Ok so the project system needed work.  What else?  Well, anytime you add pretty much anything you can expect the debugger to be affected, this was no exception.  Generics – check, needs debugging support, SQL CLR – check needs debugging support, it was a long list.  But there was even more than just that going on: I have written earlier about the challenges of what we call “interop debugging” (where you debug both managed and unmanaged code at the same time) – in this release both the debugger and runtime teams put considerable effort into making interop debugging more reliable.  That meant taking a very hard look at all the communications logic, the locking model, the safe-stopping points vs. “skid” points as I called them.  It was a huge endeavor, but as a result interop debugging got noticeably better in VS2005.

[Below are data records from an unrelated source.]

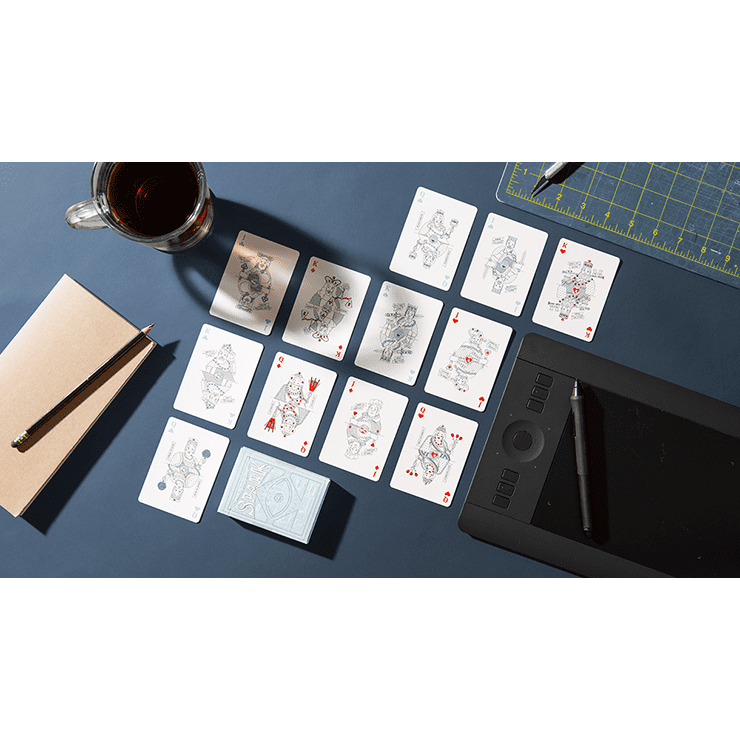 Spark Playing Cards by Art of Play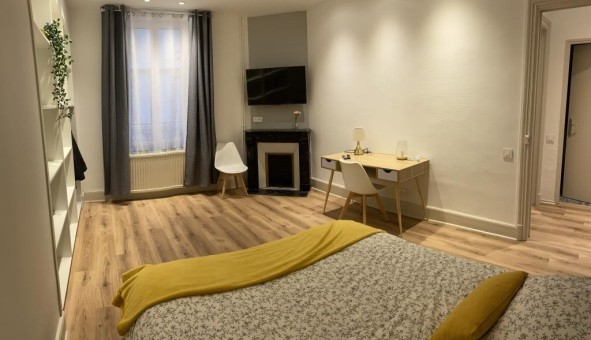 Logement tudiant T3 à Nancy (54100)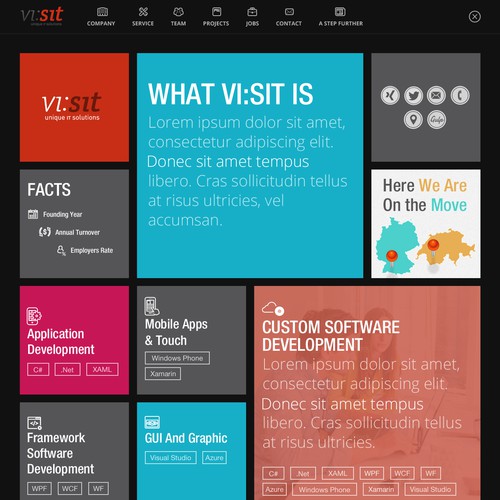 Design finalista por AxilSolutions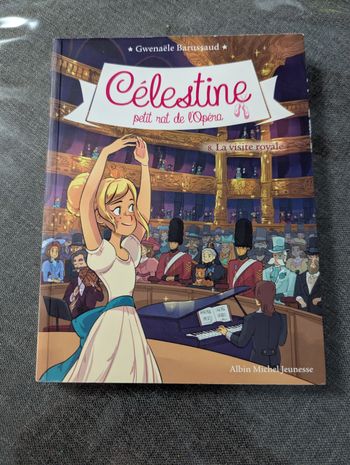 Livre Célestine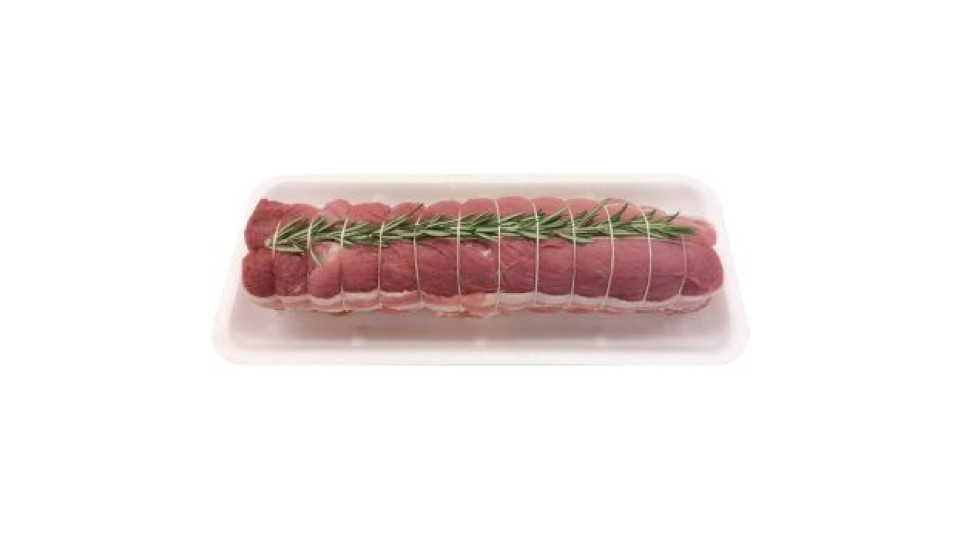 Esselunga suino filetto con prosciutto crudo e formaggio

All this hard work actually had an unexpected extra bonus.  We also introduced a managed code profiler in this timeframe and as it turns out, trying to stop managed code as it runs so that you can walk the stack the way profilers like to do tends to have all the same kinds of problems as trying to stop the code in a debugging context.  As a result, much of the hard work that went into getting the debugger working resulted in a more effective profiler solution.

I should come back to SQL 2005 support – it isn’t enough to just add project and debugging features but ADO.NET 2.0 was making its appearance and that requires suitable designers.  Visual Studio perhaps earns its name more so than its antecedent Visual Basic because it’s Visual in many different ways – just visual forms no longer suffices.  New SQL engine means data designers are a must.

As if all of that wasn’t enough, there were two brand new pieces of technology that appeared during this time as well.  These were part of our Office programming story:  VSTA and VSTO.  In a few words, VSTA is tooling for ISV’s to provide scripting features to their users, allowing their users to write managed language programs that automating their product.  The primary user is clearly Office but in principle anyone can participate – you get a complete authoring experience with it.  VSTO, in contrast, allows you to write office extensions, intended to be written as native code against a COM API, using managed languages instead.  That poor sentence hardly does justice to the difficulty of achieving this result, and I’m glossing over the fact that there were other VSTO solutions as far back as 2003 but this is where I remember the spotlight first shining on that technology with any kind of luminosity.

But, even with all this good work, there was one thing that stands out in my memory as being more important than all the others.

Edit and Continue was back – and there was great rejoicing.